Thanks so much for the compliment, warms me up inside. Thanks!


----------



## MarAgt

You're welcome! 



Homeincontrol said:


> Thanks so much for the compliment, warms me up inside. Thanks!


----------



## splatman2

Very nice theater. It looks like a very comfortable space to enjoy and entertain. You inspire me to do my HT in my house to be up to that standard when I get my new home.


----------



## DESCypher

BTW could you share your color scheme? I love that setup...


----------



## Homeincontrol

DESCypher said:


> BTW could you share your color scheme? I love that setup...
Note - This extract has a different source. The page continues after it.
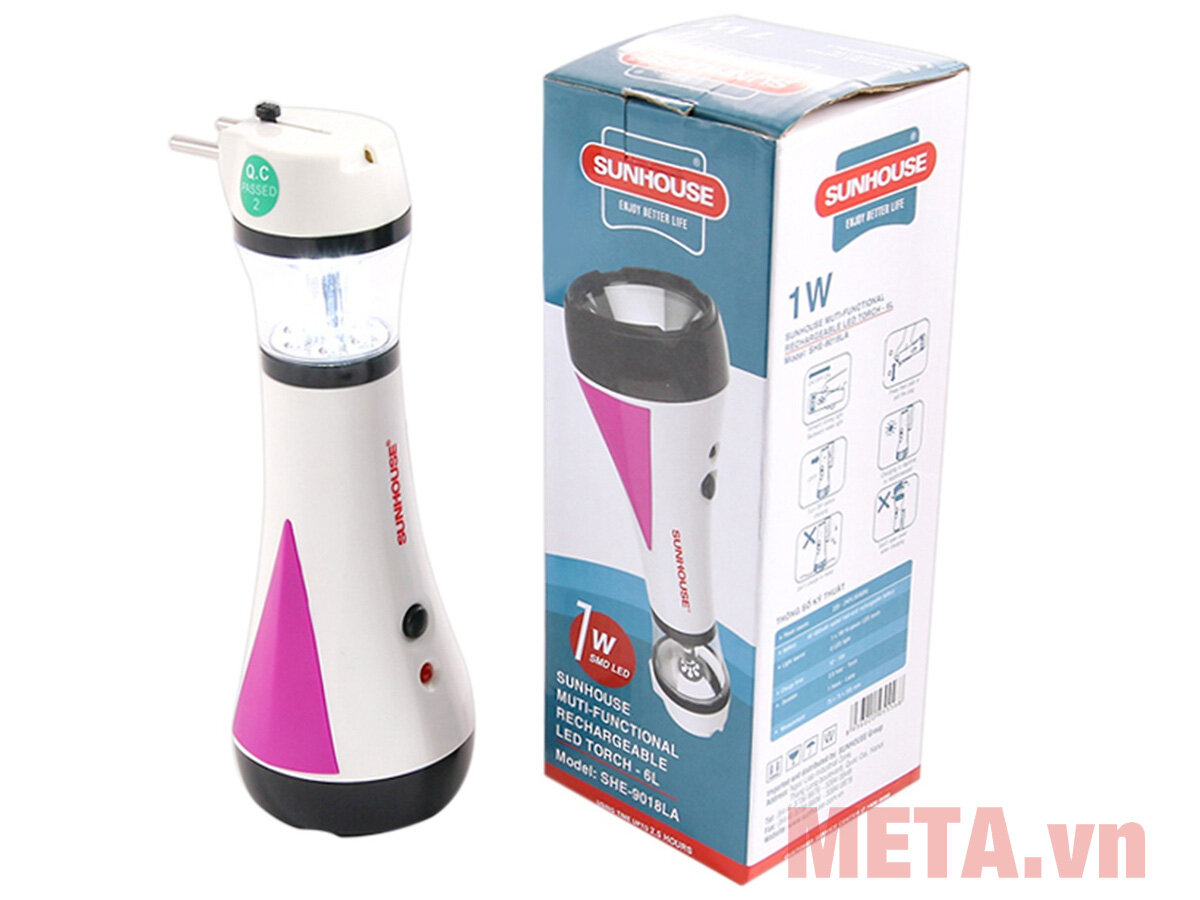 Đèn pin đa năng Sunhouse SHE-9018LA (6L)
The room is painted a deep brown (bear rug - Behr Paint), the trim is Dark Ebony (slight gloss), black leather recliners, front wall is covered with black speaker cloth, 2 sections of dark brown curtains hang on each side of the screen. The wall sound deadening panels are also covered with black speaker cloth which also hides the surround speakers. The carpet has black, deep brown, and a slight cheetah pattern that picks up the colors in the center light fixture and the sconces.


----------



## DESCypher

Thanks


----------



## brandon75173

Very refined looking theater room. The finishes look top tier.


----------



## Spock

You have the Tashma--hal of home theaters!

The word "covet" is not strong enough.


----------



## HTip

What a great room! :T I like the color setting. Cosy and yet nice and dark.


----------



## Moostache

:yikes:

That is magazine worthy for sure. I hope you enjoy that as much as I liked seeing it!


----------



## Homeincontrol

Moostache said:


> :yikes:
> 
> That is magazine worthy for sure. I hope you enjoy that as much as I liked seeing it!
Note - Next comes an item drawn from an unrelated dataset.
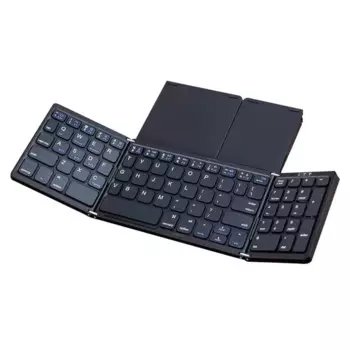 Профессиональная Беспроводная складная клавиатура, 81 клавиша, цифровая клавиатура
Thanks! We definitely get full enjoyment of the theater. Movies, sports, concerts, and even an occassional reality tv show now and then. LOL


----------



## moe4ever

You have an exceptionally lovely HT :clap:, you just inspired me to put more effort in mine. I will be stealing your color scheme if you dont mind :bigsmile:.


----------



## Homeincontrol

moe4ever said:


> You have an exceptionally lovely HT :clap:, you just inspired me to put more effort in mine. I will be stealing your color scheme if you dont mind :bigsmile:.


By all means, help yourself. Hope you have as much fun as I did!


----------



## rubbersoul

Beautiful!


----------



## mcascio

Wow. Love the colors and decor. That ceiling center piece is amazing!!!

Great attention to detail!


----------



## JThompson

Congratulations on your home theater!
What a great atmosphere- I hope it brings you many years of enjoyment!


----------



## ovillegas

Wow, congratulations!! That's one of the nicest theaters I've seen. I love the neutral colors (as opposed to bright colors a lot of people use).

You've just raised the bar for me to complete my theater. Although I could never match your theater, I'm inspired to do as much as I can afford.!!


----------



## Homeincontrol

ovillegas said:


> Wow, congratulations!! That's one of the nicest theaters I've seen. I love the neutral colors (as opposed to bright colors a lot of people use).
> 
> You've just raised the bar for me to complete my theater. Although I could never match your theater, I'm inspired to do as much as I can afford.!!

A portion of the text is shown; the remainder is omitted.